I’ve heard about a 1031 exchange. Could I apply it in this case?
Will a 1031 Exchange Help Avoid Capital Gains Tax on an Inherited Home?
A: A tax-deferred exchange (also referred to as a 1031 exchange or Starker exchange) is in its basic form the sale of an income-producing property with the purchase of a replacement income-producing property. While in the past, the IRS Code allowed exchanges of property other than real estate, that might change in the near future depending on what changes in the law are considered as a part of tax reform.
When it comes to real estate, you have to own a property that was held for investment purposes. To sell the property, you generally will use an exchange company to facilitate the sale and purchase of the replacement property. That company is usually an “intermediary exchange” company. You will still need your own attorney, settlement agent and title company to help out, but the exchange company will satisfy certain IRS requirements.
When you sell, all of the proceeds from the sale go to the exchange company. You then have no more than 45 days to find and notify the exchange company of the property you intend to buy as your replacement property and then you have no more than 180 days to close on that replacement property. And by the way, the replacement property sales price usually needs to be the same or higher than the sales price of the property you sold.
Those are the basics, but there are other intricate rules that you must follow to get the tax advantage you are seeking. If you qualify for a tax-deferred exchange, on the sale of the property, you get to defer the payment of all taxes on the sale of the old property, including any recapture of depreciation you might have and capital gains taxes.

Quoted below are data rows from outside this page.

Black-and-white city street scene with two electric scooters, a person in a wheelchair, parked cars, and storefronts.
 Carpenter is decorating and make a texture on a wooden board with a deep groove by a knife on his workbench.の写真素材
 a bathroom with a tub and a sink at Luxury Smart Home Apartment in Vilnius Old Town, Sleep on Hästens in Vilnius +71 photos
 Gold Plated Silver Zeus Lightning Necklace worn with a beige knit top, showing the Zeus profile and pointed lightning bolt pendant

Property Conditions and Purchase Considerations
We’re a bit concerned that the property was vacant for a while and we don’t know how you treated the property for income tax purposes when you purchased it. We also don’t know how your mom treated the “sale” of the home to you. Your question raises a number of issues from an income tax perspective from your mom’s side and your side as well. We’ll have to ignore those issues and talk about the 1031 issues instead. You’ll have to talk to your accountant, tax advisor or Enrolled Agent to get more information about the federal tax issues you might have.
However, if we can assume that you purchased the property for one dollar and your association with your mother doesn’t impair your ability to utilize a 1031 exchange, you essentially have all profit if you try to sell the property. If you kept the property as an investment for many years, treated the property as an investment, had every intent to use and keep the property for investment purposes, you might qualify and sell the property using a 1031 exchange. When you sell the property, you use the intermediary, buy a replacement property and defer the payment of taxes down the line. The replacement property must also be a property you intend to own for investment purposes.

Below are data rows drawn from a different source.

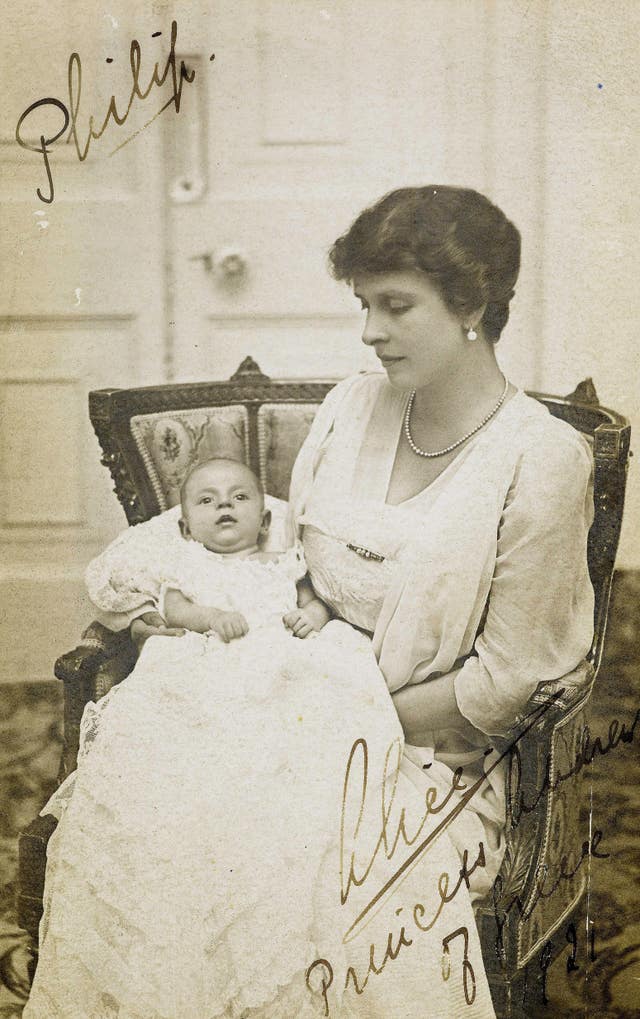 Prince Philip as a baby being held by Princess Alice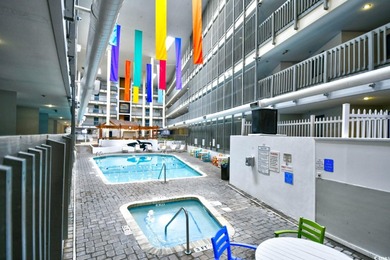 This TOTALLY REMODELED  Turnkey ocean view 2 bedroom unit is a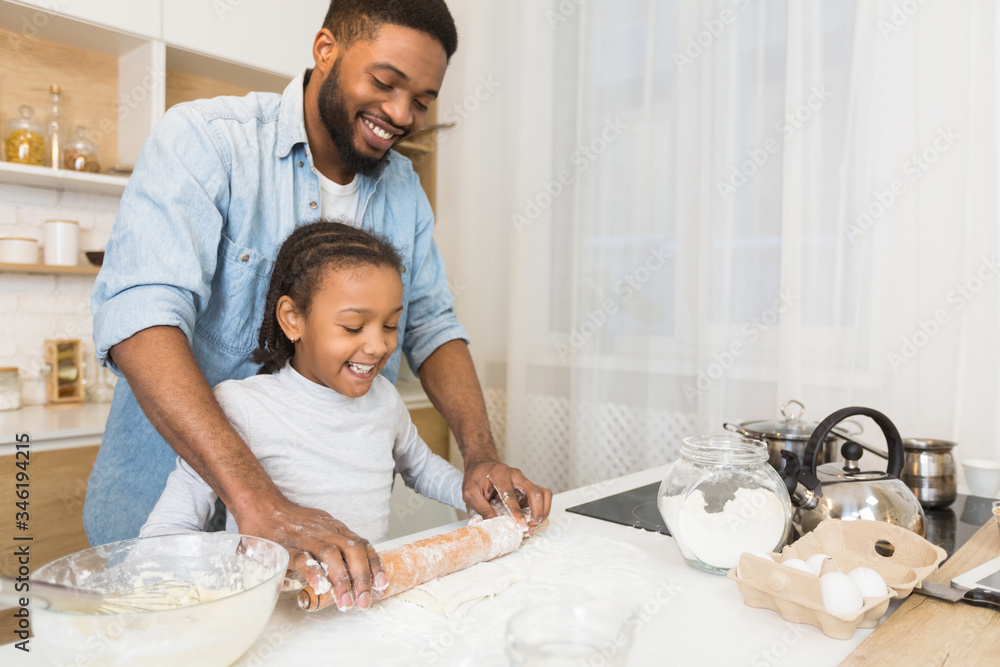 Smiling african father and daughter rolling dough together Smiling african father and daughter rolling dough together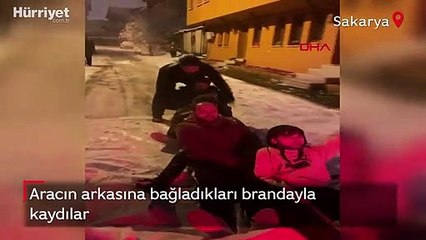 Aracın arkasına bağladıkları brandayla kayıp eğlendiler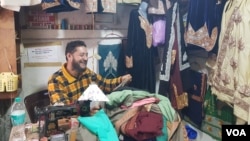 A young Tibetan works in his embroidery shop on May 26, 2023, in the Tibetan colony in Srinagar, Jammu and Kashmir, India.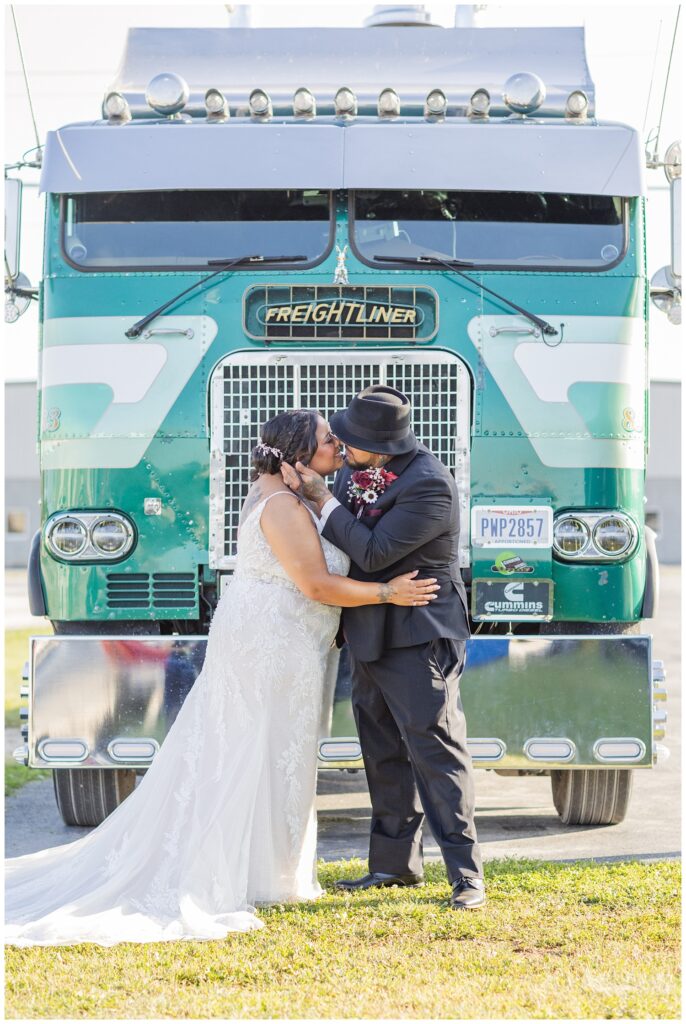 wedding couple sharing a kiss in front of the groom's blue green truck in Fremont, Ohio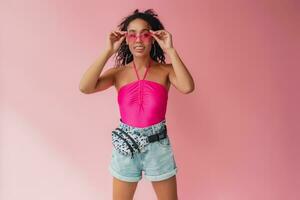 attractive black african american woman in stylish outfit on pink background photo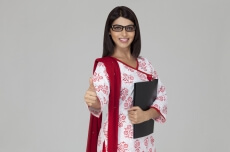 teacher showing thumps up while posing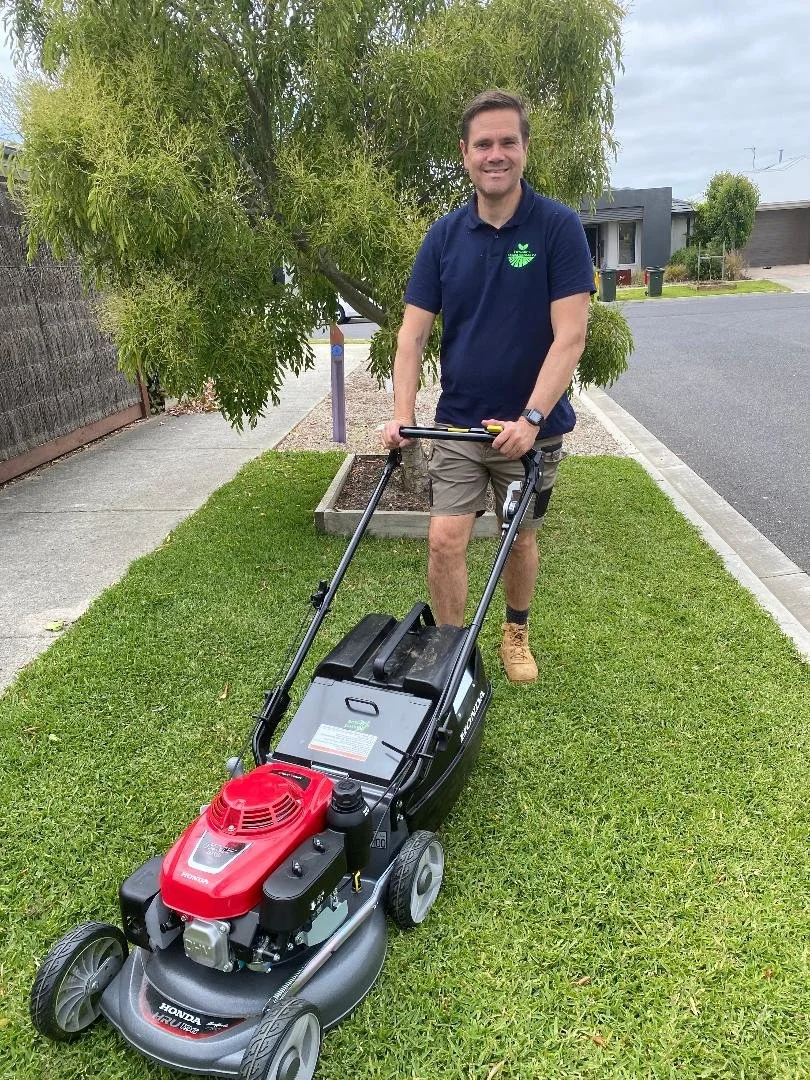 A man smiling while mowing the lawn with a gas-powered lawn mower.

If at any point in the course of reviewing the facts of your situation, you fail the test under Section 1031 of the IRS code, you won’t get the benefit of deferring taxes and the sale could give you substantial gain.
One last item: we don’t know if the “sale” of the property was intended as a true sale or whether your mom really gifted the home to you. If your mom gifted the home to you, your basis — or cost — in the home might be what your mom paid for the home. If what she paid for the home is about what the home is now worth, you might not have much tax to pay when you sell it.
Due to the complications and many facts that surround your situation, please talk to a tax advisor on your issue and also talk to a specialist in 1031 exchanges. Those specialists sometimes have a great eye towards seeing a transaction and telling you whether your situation fits the requirements of a 1031 exchange. They may also have a referral for you to talk to to help you with your tax situation. Good luck.